The 50 includes around a dozen media companies and individuals, including Richard Desmond, Mohammed Al Fayed and the Daily Mail & General Trust, which have already been linked to a bid for the Telegraph Group, as well as the owner of USA Today, Gannett, which has expressed an interest.
Spectator chairman Algy Cluff is also believed to be planning a management buyout of the political magazine.
Alongside the media owners, there are the venture capitalists and investment banks, which have also been linked to buying up Hollinger. Earlier today, it was revealed that private equity firm Hicks, Muse, Tate & Furst, which had been in talks with Hollinger about taking a stake, abandoned the talks.
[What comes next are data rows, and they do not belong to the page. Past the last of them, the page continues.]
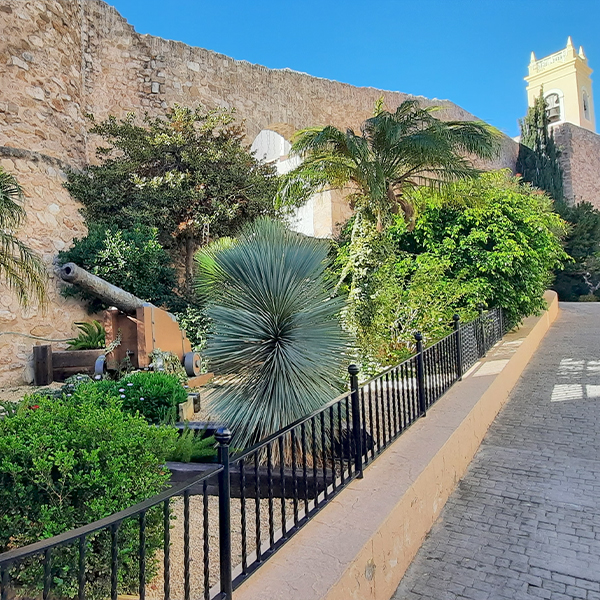 De historische stadsmuren en tuinen in het oude centrum van Calpe met uitzicht op de kerktoren, een populaire culturele bezienswaardigheid vlak bij investeringsproject Cala Natura.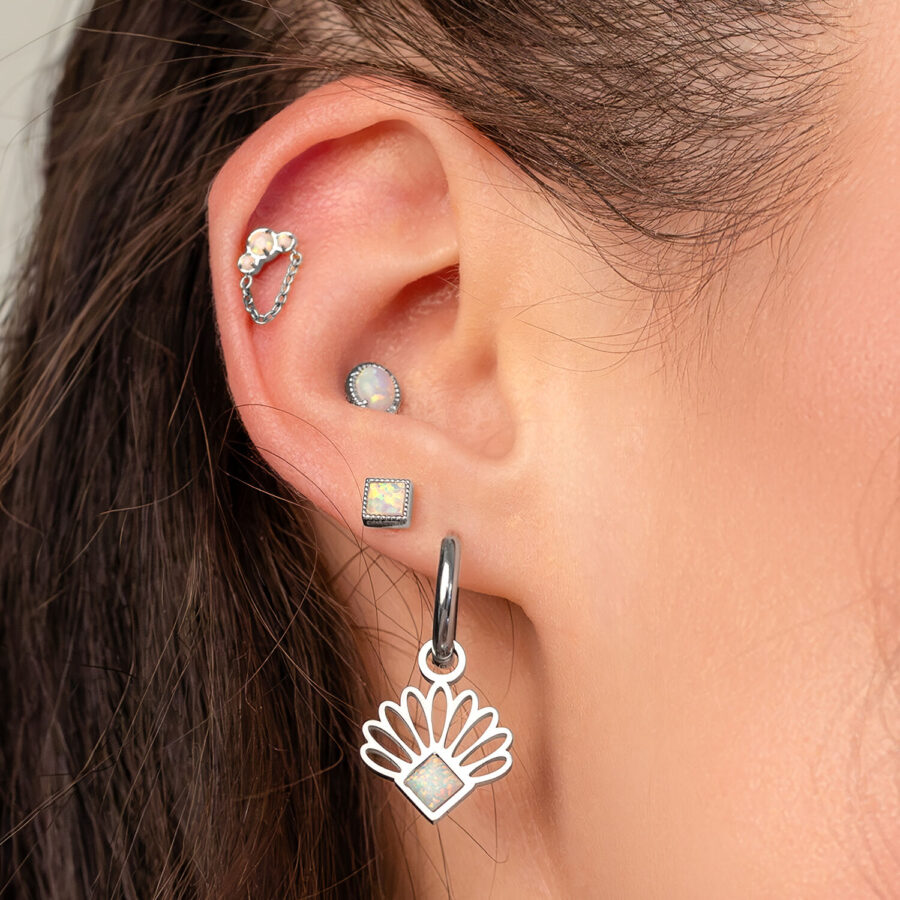 Nahaufnahme eines Ohrs mit mehreren Piercings, darunter ein Opal-Piercing mit Kettenaufsatz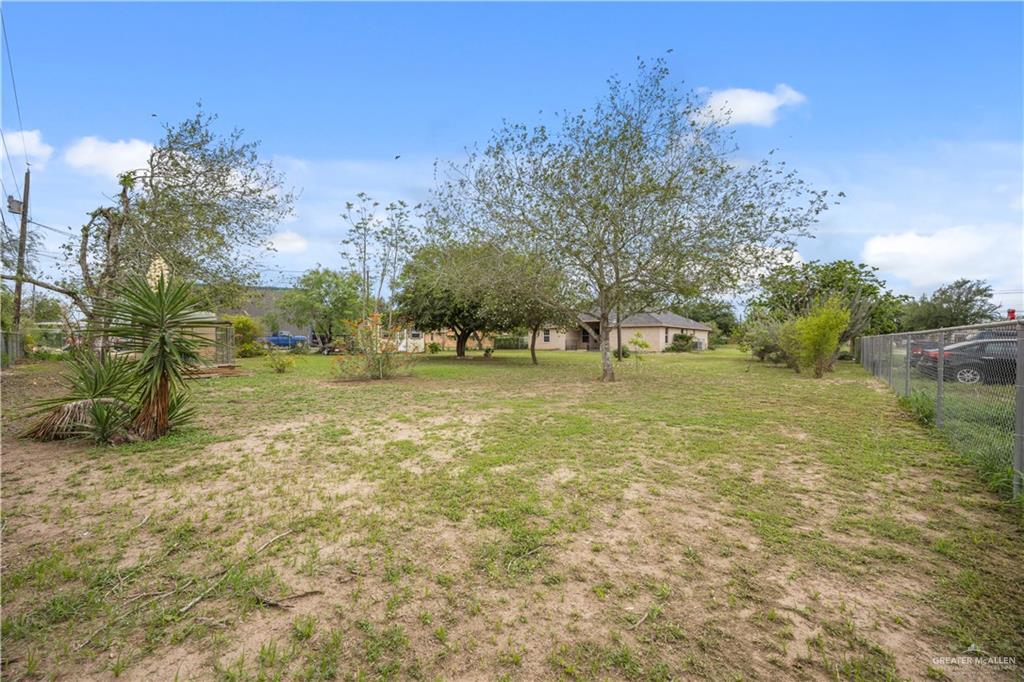 6020 North Doolittle Road Edinburg, TX 78542 - Photo 16 of 23 Expansive outdoor area featuring a combination of grass and natural ground cover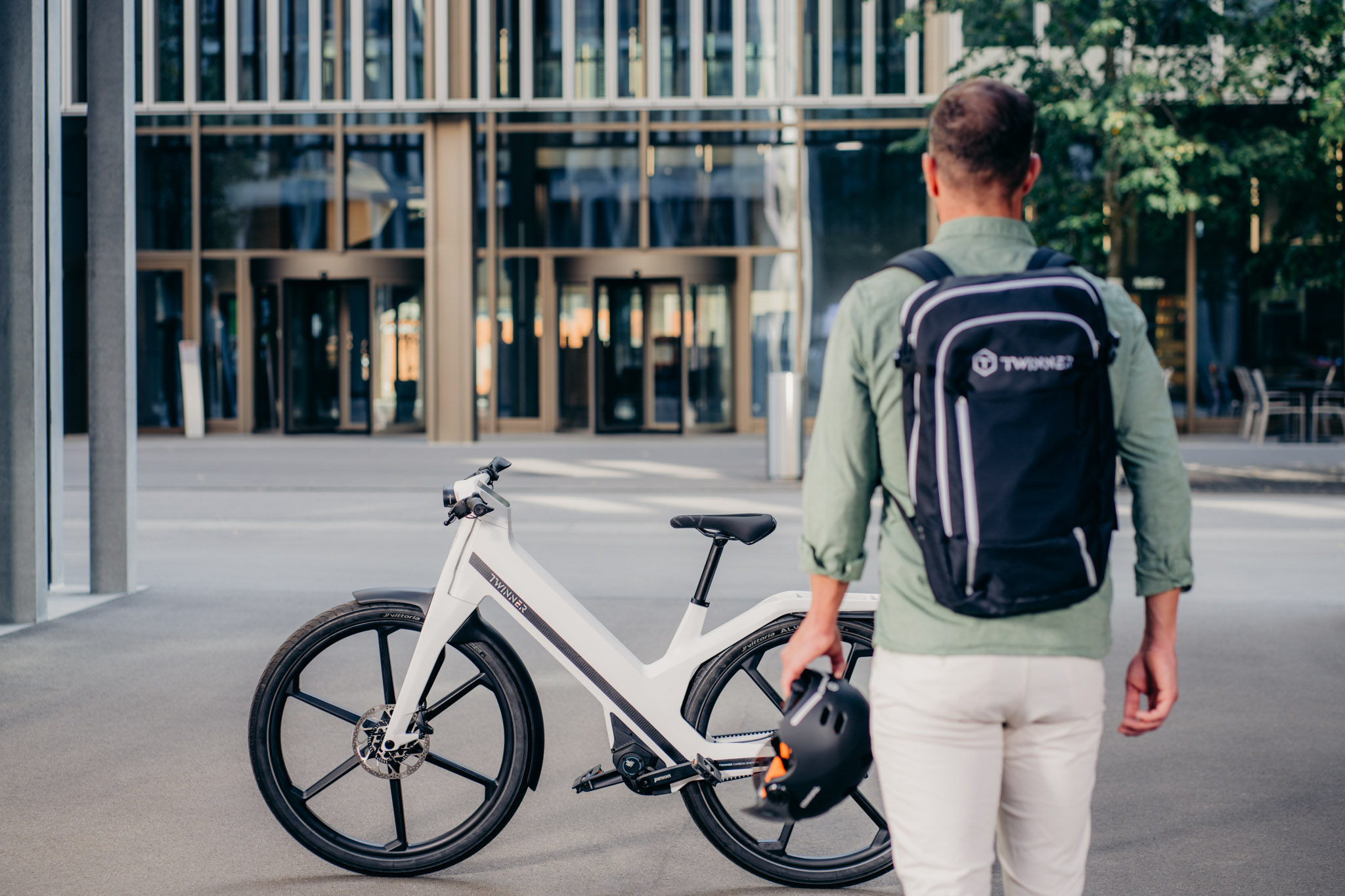 Mann mit Rucksack und Helm in der Hand geht auf sein Twinner E-Bike zu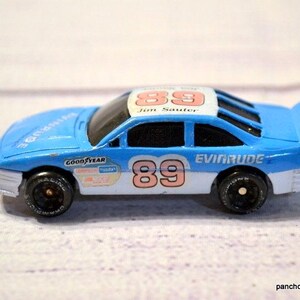 May include: A blue toy race car with the number 89 on the side and roof. The car has black wheels and the words "Evinrude" and "Goodyear" are visible. The car is a miniature replica of a race car.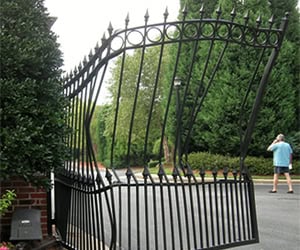 Bent black gate with decorative spikes, positioned in a residential area, illustrating the need for gate repair services.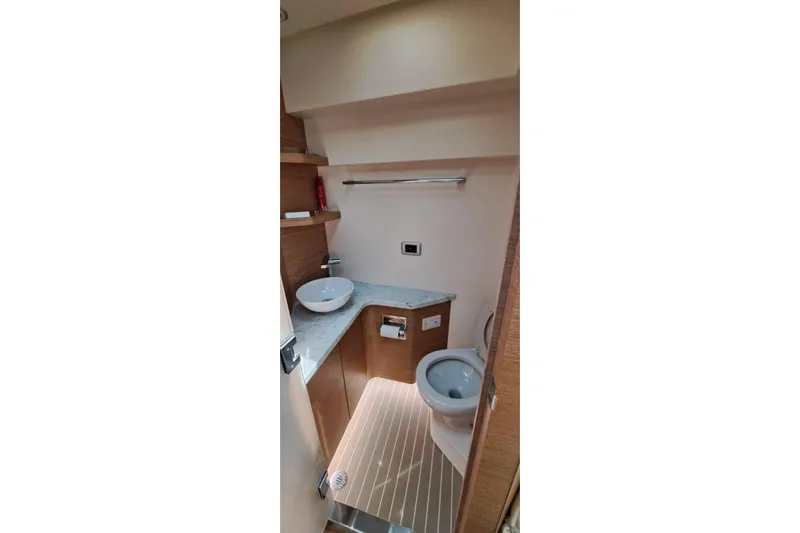 Yacht Photos Pics Luxurious bathroom interior of 2022 Scout 530 LXF boat with modern fixtures.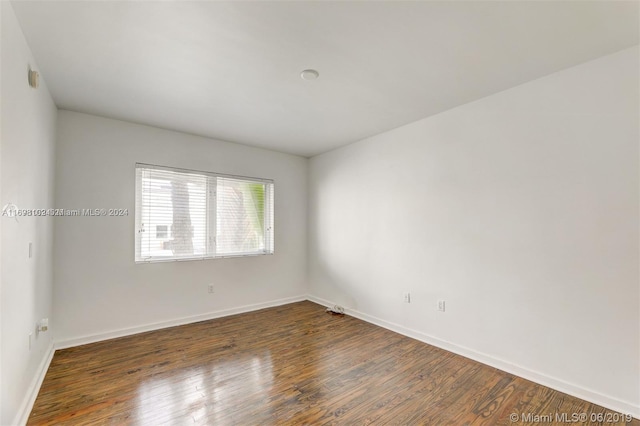 empty room with dark hardwood / wood-style flooring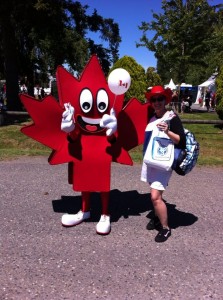 Maple leaf mascot accepting new toothbrush from dental staff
The firm had been linked to possibly buying all or part of Hollinger's stake in Hollinger International, the company that owns the Telegraph papers in the UK and the Chicago Sun Times and the Jerusalem Post.
A review of Hollinger is being conducted by its financial adviser Lazards and will be used to decide, alongside the findings of a report by a special committee of the company's board members, what to do with its assets.
However, the special committee is not expected to reveal its findings until well into the new year, possibly February or March, and Lazard will not make its recommendation until it has seen the report.
Hollinger's troubles surfaced when $32m worth of unauthorised payments to board members, including chairman Lord Conrad Black, were uncovered.